The U.S. economy has largely defied fears of a tariff-induced downturn.
The U.S. economy has largely defied fears of a tariff-induced downturn.
A fresh report on United States gross domestic product, or GDP, is set to provide a key measure of the nation’s economic health as President Donald Trump’s tariffs took hold over recent months.
So far, the U.S. economy has largely defied fears of a tariff-induced downturn.
The unemployment rate stands near a historically low level and job growth remains robust, though it has slowed from previous highs. Inflation has climbed over the last two months but it remains below where it stood when Trump took office.
Economists expect GDP to have increased at a 2.3% annualized rate over three months ending in June, which would mark a rebound from a contraction of -0.5% over the previous quarter.
The anticipated reading would amount to modest but sturdy economic growth, suggesting the economy has continued to avert a significant cooldown from tariffs.
To some degree, however, Trump’s levies have blurred the findings of the GDP.
The government’s GDP formula subtracts imports in an effort to exclude foreign production from the calculation of total goods and services. Changes in the reading on this account do not reveal either underlying economic weakness or strength.
The measure of GDP fell over the first three months of the year, largely due to a surge of imports as firms stockpiled inventory to avoid far-reaching tariffs. Conversely, a potential drop-off in imports over the second quarter could inflate the second quarter GDP figure.
In the months following Trump’s “Liberation Day” tariffs, in April, consumer sentiment declined to its lowest level in years, raising concern about a possible pullback in consumer spending, which accounts for about two-thirds of economic activity.

Consumer sentiment has ticked up for two consecutive months, however, as Trump has rolled back some of his steepest tariffs. Consumer spending has proven fairly resilient.
The fresh GDP data is set to arrive hours before the Federal Reserve announces its latest decision on the level of interest rates.
Investors peg the chances of interest rates holding steady at an overwhelming 97%, according to the CME FedWatch Tool, a measure of market sentiment.

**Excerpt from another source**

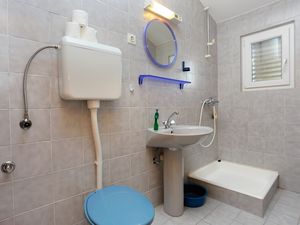 18321701-Ferienwohnung-3-Omiš-300x225-5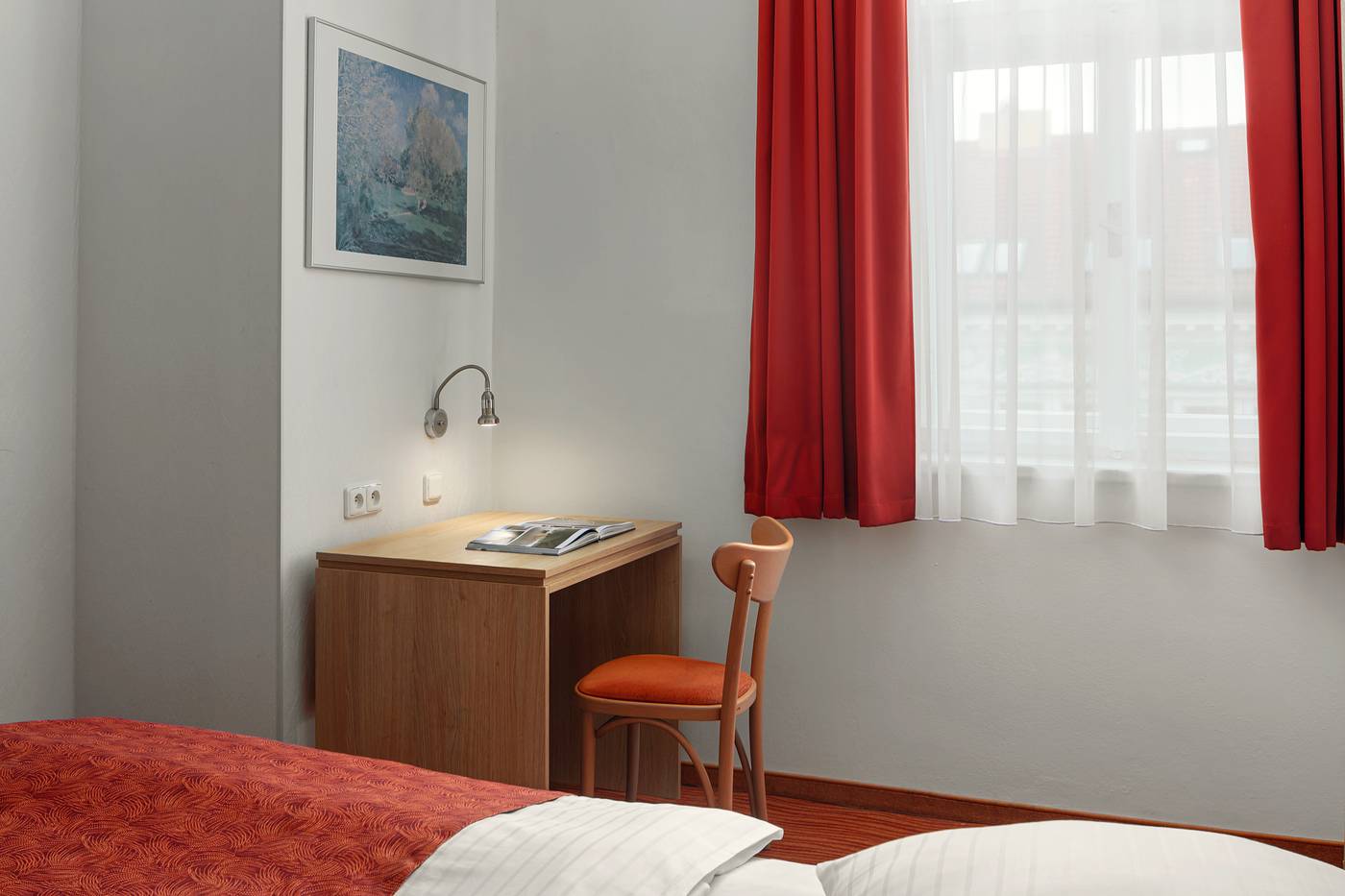 Hotel-Ambiance-Room-9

In theory, sturdy economic growth eases pressure on the Fed to lower interest rates, since consumers and businesses appear undeterred by high borrowing costs. If growth begins to slow, the Fed could seek to lower interest rates as a means of boosting economic performance.
The Fed has adopted a wait-and-see approach as it observes the effects of Trump’s tariffs.
“Despite elevated uncertainty, the economy is in a solid position,” Fed Chair Jerome Powell said at a press conference in Washington, D.C., last month.